* [WHAT YOU NEED TO DO]: Please repeat the lines below exactly. Begin with the line containing "Verbatim Store 'n'" and go on through the line containing "Emtek 8468 Rectangular".

* [SUPPLIED MATERIAL]:
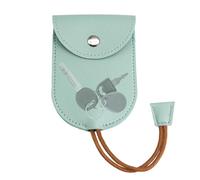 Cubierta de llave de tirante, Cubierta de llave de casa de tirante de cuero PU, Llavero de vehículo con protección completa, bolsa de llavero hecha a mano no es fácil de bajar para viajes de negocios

---

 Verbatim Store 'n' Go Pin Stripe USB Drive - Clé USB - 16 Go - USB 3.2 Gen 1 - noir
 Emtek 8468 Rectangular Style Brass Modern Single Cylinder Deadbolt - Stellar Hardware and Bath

--

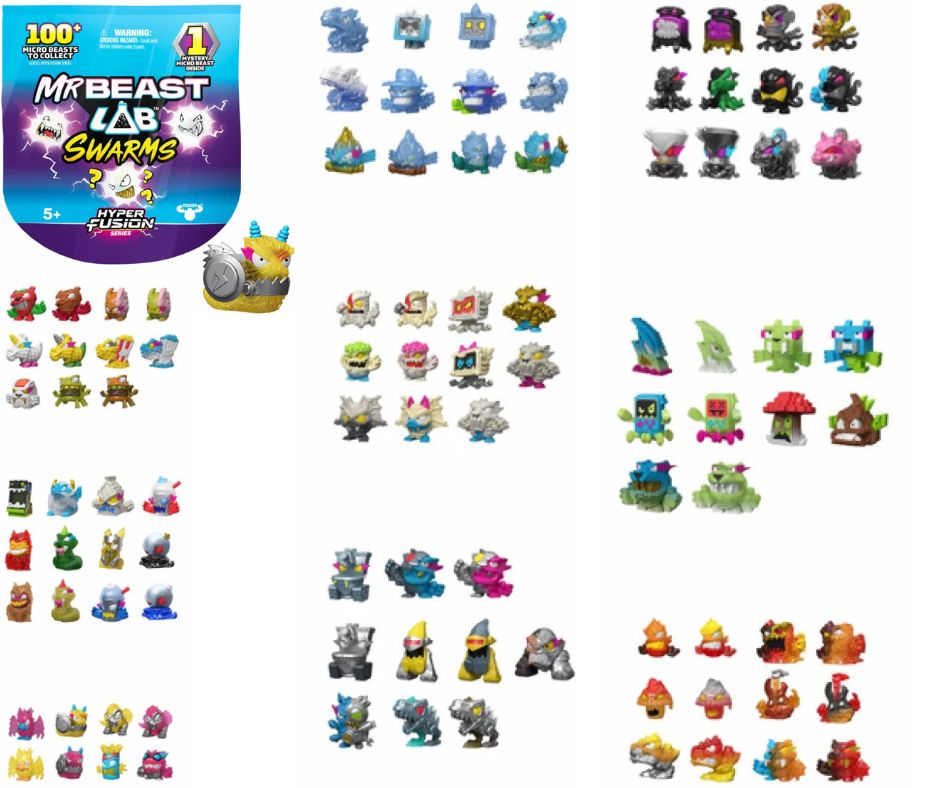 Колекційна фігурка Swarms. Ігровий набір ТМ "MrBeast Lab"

* [THE COMPLETED TASK]:
 Verbatim Store 'n' Go Pin Stripe USB Drive - Clé USB - 16 Go - USB 3.2 Gen 1 - noir
 Emtek 8468 Rectangular Style Brass Modern Single Cylinder Deadbolt - Stellar Hardware and Bath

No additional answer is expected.